> _SOURCE DATA_:
- - - -

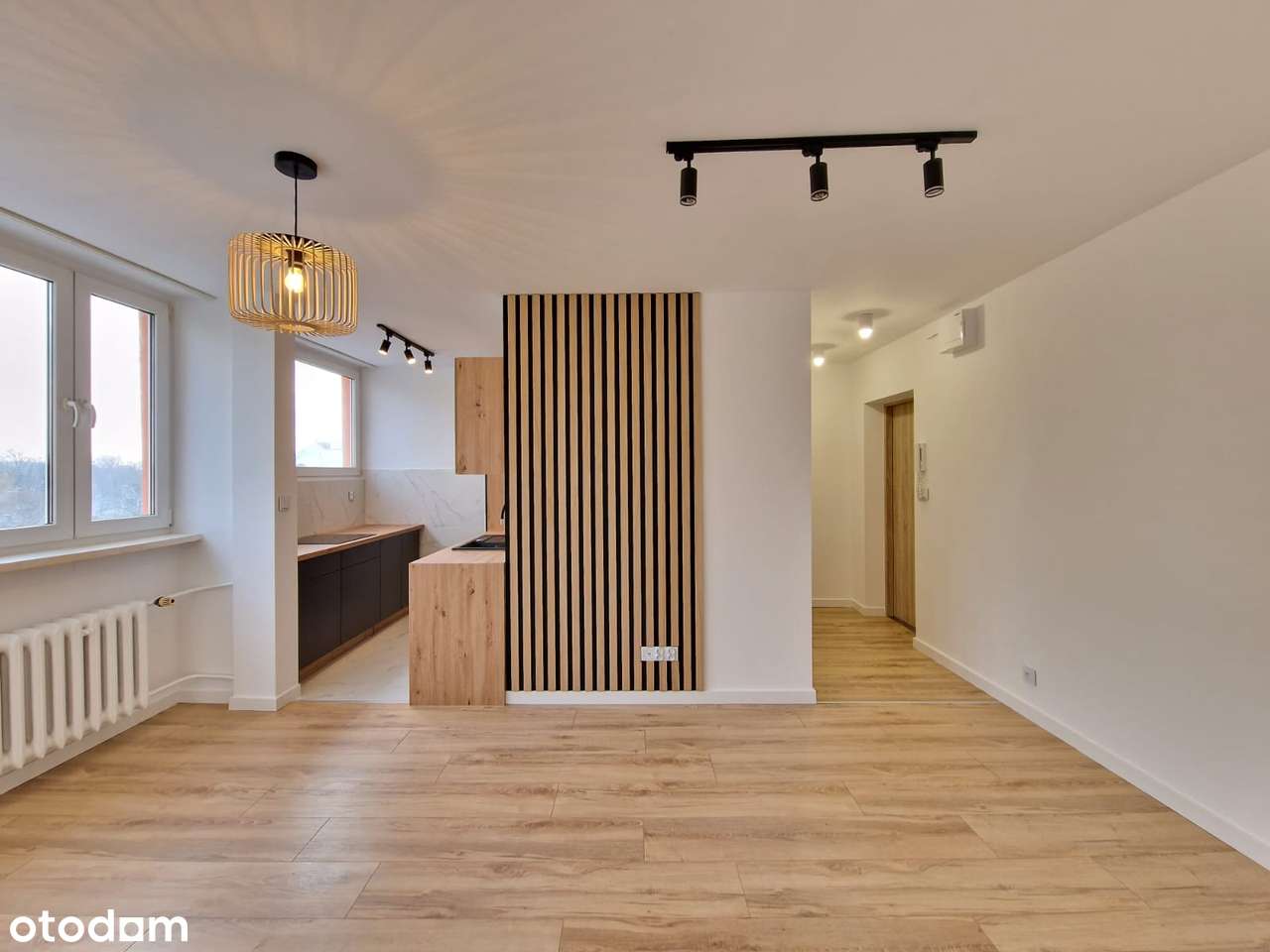 2-pokojowe mieszkanie po remoncie | przy Uniwersytecie Ekonomicznym-1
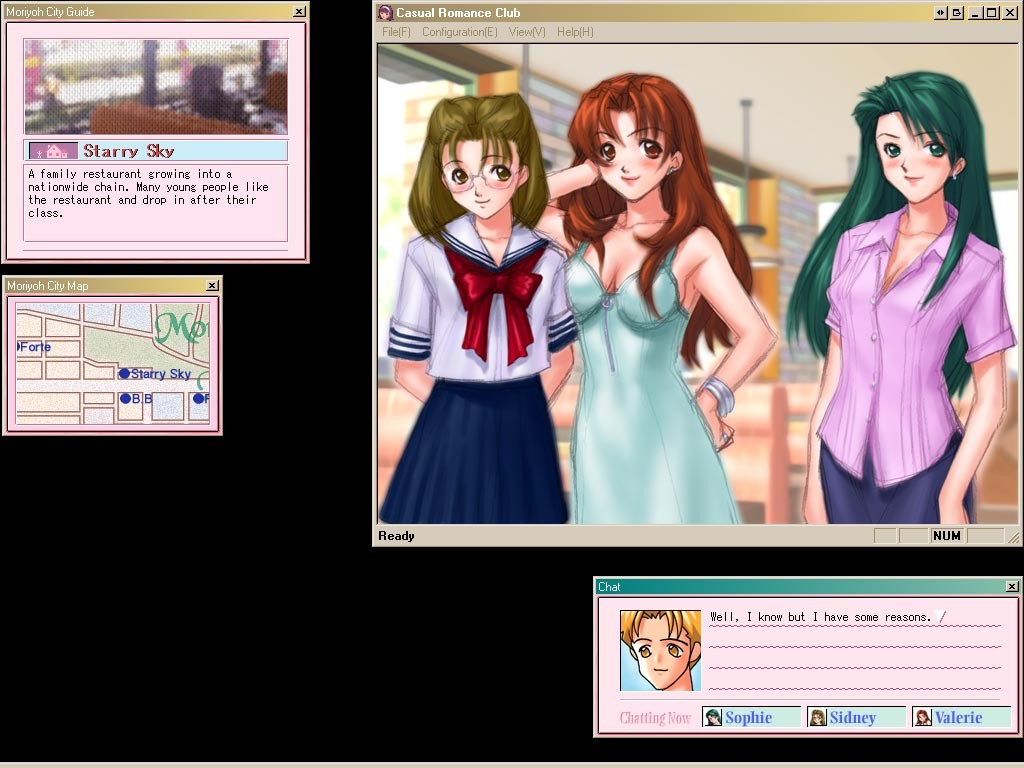 방과 후 연애 클럽 ～사랑의 에튀드～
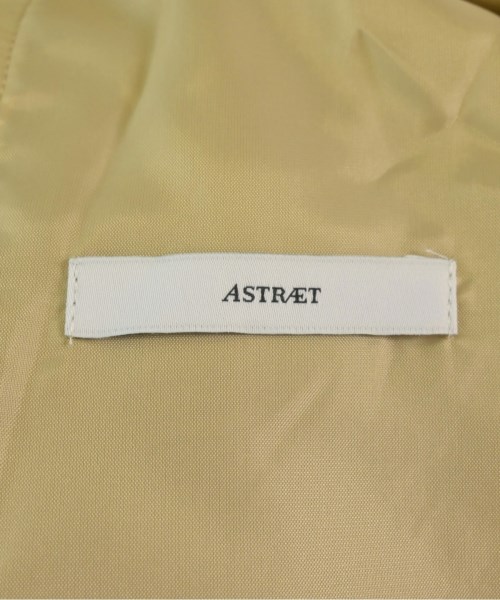 ASTRAET（アストラット）その他 ゴールド サイズ:1(S位) レディース/2200691616933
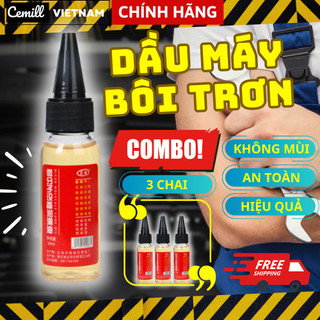 Dầu nhớt tra xích xe đạp 60 ml - Dầu tra xích xe đạp thể thao DX-01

- - - -

> _WORK ORDER_: Wording must stay exact. Give again the lines from the line with "ASTRAET（アストラット）その他 ゴールド サイズ:1(S位)" through the last line of the listing, both ends included, without pictures.

> _EXERCISE RESULT_:
 ASTRAET（アストラット）その他 ゴールド サイズ:1(S位) レディース/2200691616933
 Dầu nhớt tra xích xe đạp 60 ml - Dầu tra xích xe đạp thể thao DX-01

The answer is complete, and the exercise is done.